İyiliklerin başı Allah korkusudur
Hikmet ehli zatlar buyuruyor ki:
Büyük zatlardan birine, (Sizdeki ve talebelerinizdeki bu dürüstlük ve güzel ahlak, iyi kötü herkesin sizi sevmesi gibi özellikler, size nereden geliyor?) diye sorarlar. O zat buyurur ki:

(Peygamber efendimiz, Müslümanı tarif ederken, (Müslüman, elinden ve dilinden emin olunan insandır. Aldanmaz ve aldatmaz) buyuruyor. Yani hırsızlık yapmaz, zulmetmez, hile yapmaz, gıybet etmez, yalan söylemez, kalb kırmaz, iftira etmez. Kimseyi aldatmaz. Müslüman emin insandır. Bizim servetimiz, malımız mülkümüz yok, ama emin olmak bakımından da, Allah’a şükür hiç endişemiz yok. Bir olay anlatayım:
Geçenlerde bir iş adamı geldi. (Efendim, benimle iş yapmak isteyen, randevu alır ayağıma gelir, çoklarını da kabul etmem. Ama ben buraya geldim, bu kadar merdiveni şu sakat ayağımla çıktım, seni görmeye geldim. Bunun bir sebebi olması lazım) dedi. (Nedir sebebi) diye sordum. (Sen namuslu, dürüst, güvenilir insansın. Onun için ben senin ayağına geldim. Her tarafa sordum, senin için “çok güvenilir insan” dediler. Ben böyle güvenilir kimse arıyorum) dedi.

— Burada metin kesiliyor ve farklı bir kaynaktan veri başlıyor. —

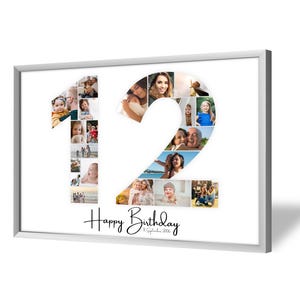 Collage voor 12e Verjaardag | A4, A3, A2 | Gepersonaliseerd | 20 Foto's | Fotogeschenk | Last-Minute Cadeau om Zelf te Printen | PDF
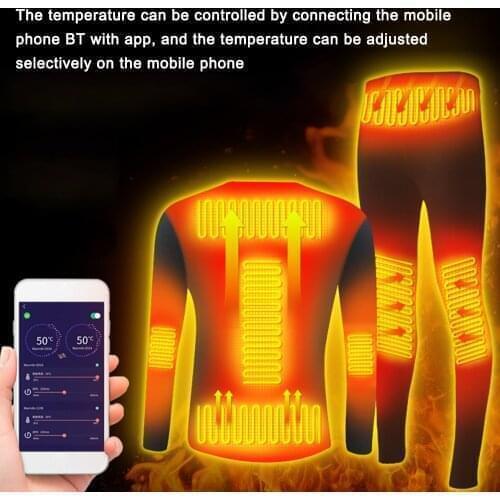 Warm Underwear Suit Winter Intelligent Temperature Control Warm Cold Proof Electric Heating Clothes Trousers Heating Warm Suit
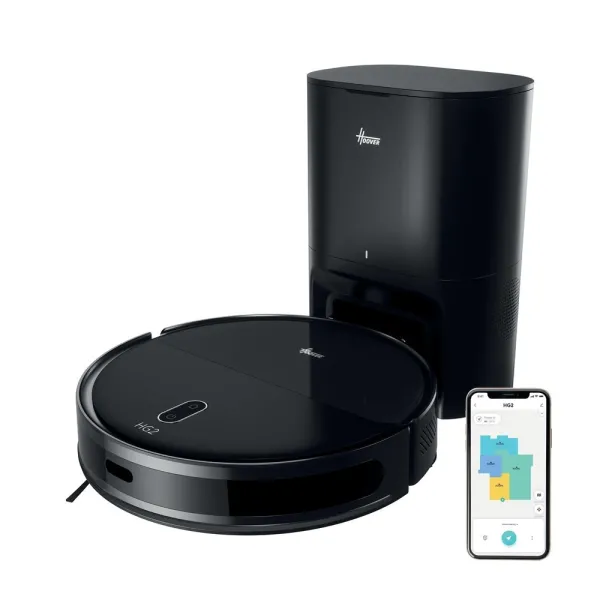 Σκούπα Ρομπότ HOOVER HG250HP 011 με Σφουγγάρισμα και Wi-Fi Μαύρη
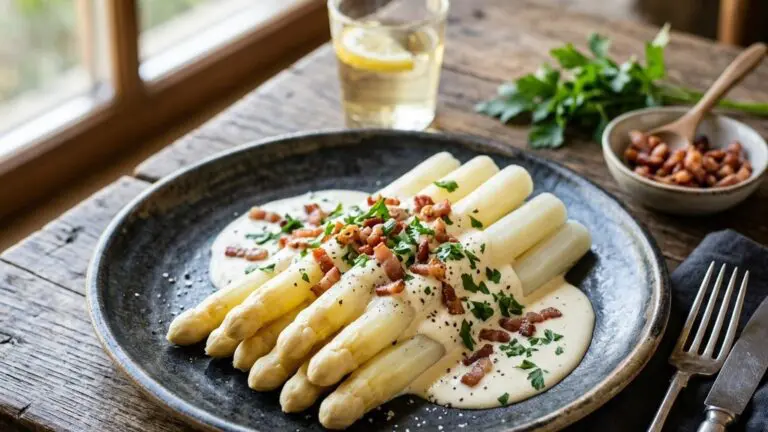 Stunning plated serving of White Asparagus in Cream, a chef-tested recipe by Chef Jorj Morgan.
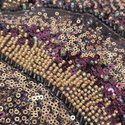 Embroidered Lace Tulle Fabric 65”, Black / Red / Gold - 1 yard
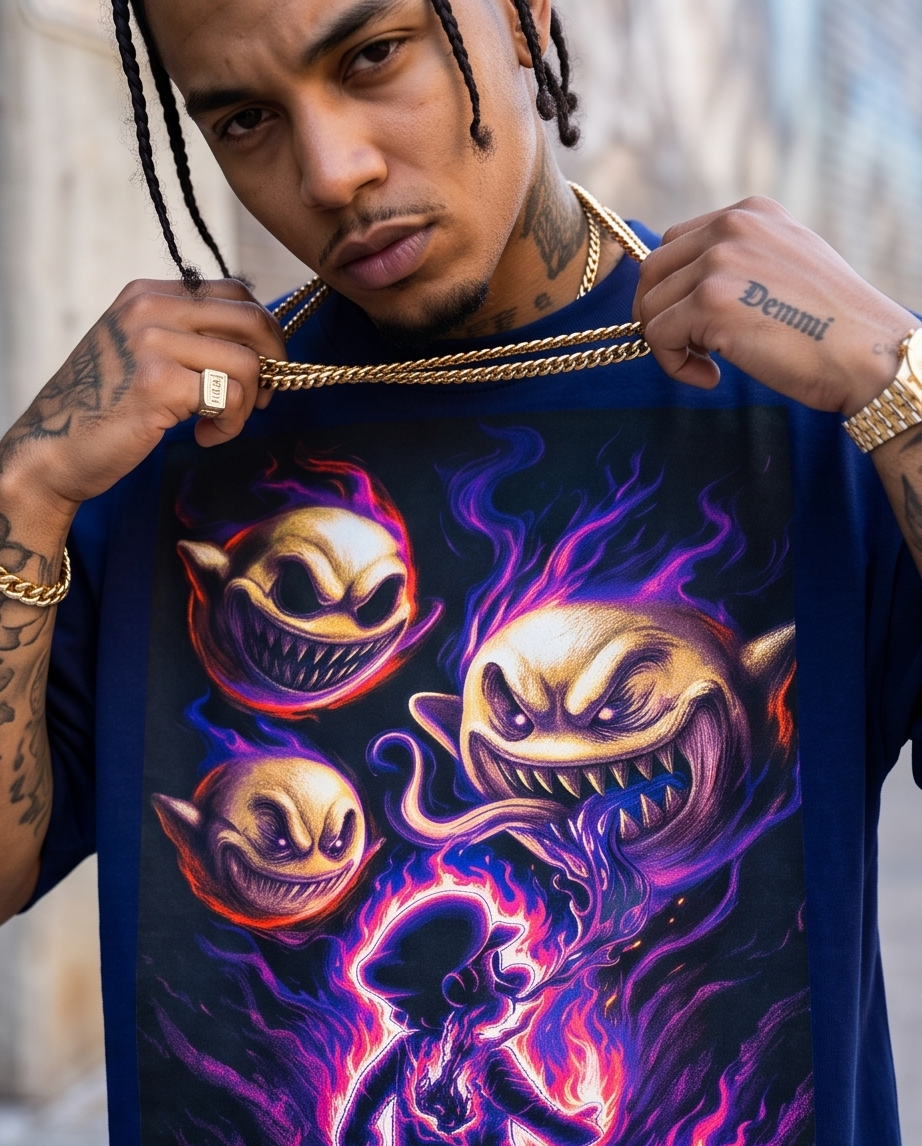 Close-up detail of the front graphic on the navy blue "Ghosts of Mario" streetwear t-shirt, highlighting the premium 7.5oz heavyweight cotton texture and vibrant print quality.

Allah korusun! Biz, insanlar güvenilir desinler diye güven sağlamıyoruz. Allahü teâlâ öyle istediği için böyle oluyoruz. Müslüman, güvenilir insan demektir. Peygamber efendimiz, (Bütün hikmetlerin, iyiliklerin başı, Allah korkusudur) buyuruyor. İnsanlardan korkandan hayır gelmez. Ancak Allah’tan korkandan hayır gelir. Bir zat anlatır:
(Bir iş için Almanya’ya gidip otelde kaldım. Ayrılırken, taksi de kapıda bekliyor, uçağa yetişeceğim, verilen hesaba baktım, az geldi. Taksiye (Bir dakika) dedikten sonra, kasiyere gelip (Şu hesaba bir daha bakar mısınız, biraz eksik gibi) dedim. Kadın baktı, (Eyvah, başkasınınkiyle karışmış, şu kadar daha vermeniz lazım) dedi. Hemen çıkardım verdim. (Yalnız bir dakika, siz kimsiniz?) dedi. (Ben Müslümanım, biz Allah’tan korkarız, kul hakkına yaklaşmayız) dedim. Kadın baktı, (Olmaz böyle şey. Tam gidecekken arabadan inip bunu ödüyorsunuz. Ben sizi unutamam, adres verin bana) dedi. (Ne adresi, ben gidiyorum, uçağı kaçıracağım, hadi iyi günler) dedim ve hemen taksiye koştum.)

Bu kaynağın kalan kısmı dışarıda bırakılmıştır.